-- SUPPLIED RECORDS follows --

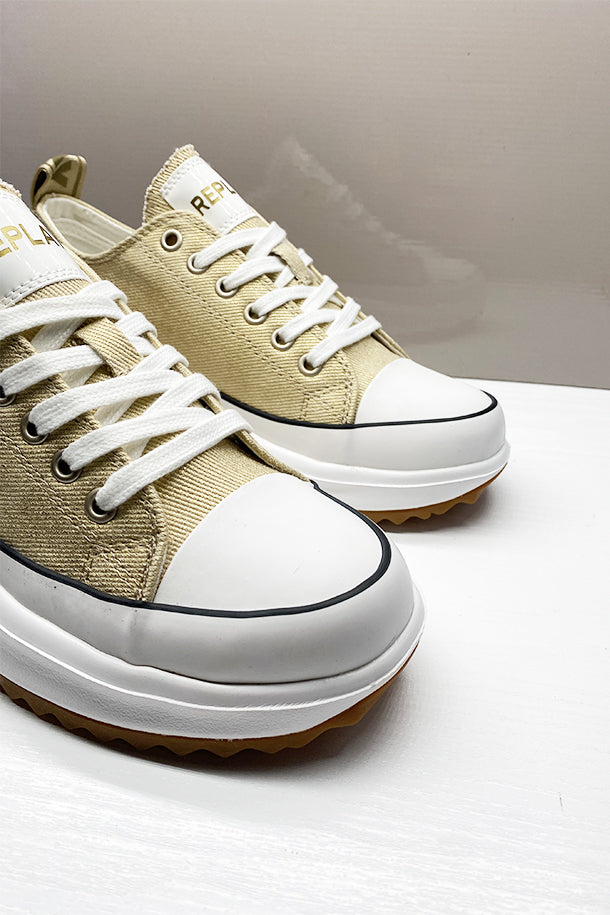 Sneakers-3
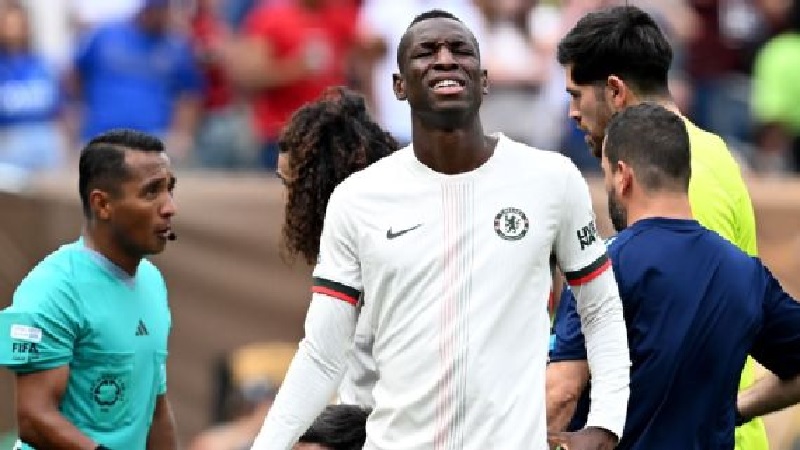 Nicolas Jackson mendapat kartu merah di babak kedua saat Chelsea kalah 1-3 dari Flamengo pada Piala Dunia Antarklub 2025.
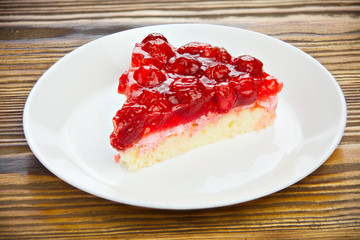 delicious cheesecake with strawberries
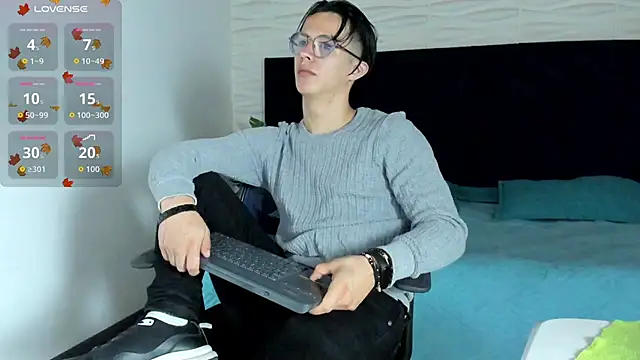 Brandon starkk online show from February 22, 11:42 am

-- SUPPLIED RECORDS concluded --
-- SUPPLIED RECORDS follows --

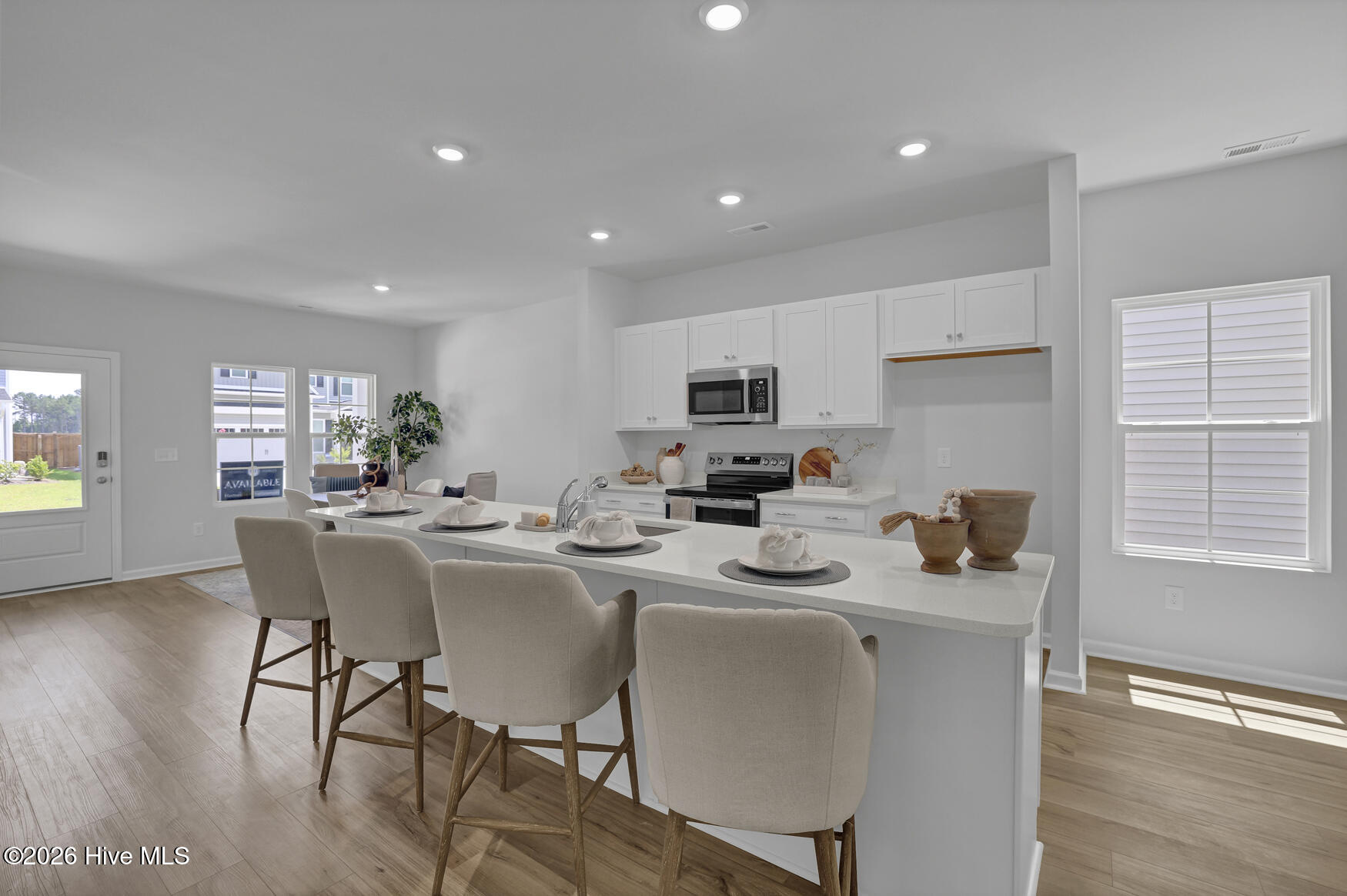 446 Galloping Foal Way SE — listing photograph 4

-- SUPPLIED RECORDS concluded --

[WORK REQUEST]: What you return must match the lines above from the one with "Nicolas Jackson mendapat" through the one with "Brandon starkk online" exactly, with both ends included and the pictures excluded.

[EXERCISE OUTPUT]:
 Nicolas Jackson mendapat kartu merah di babak kedua saat Chelsea kalah 1-3 dari Flamengo pada Piala Dunia Antarklub 2025.
 delicious cheesecake with strawberries
 Brandon starkk online show from February 22, 11:42 am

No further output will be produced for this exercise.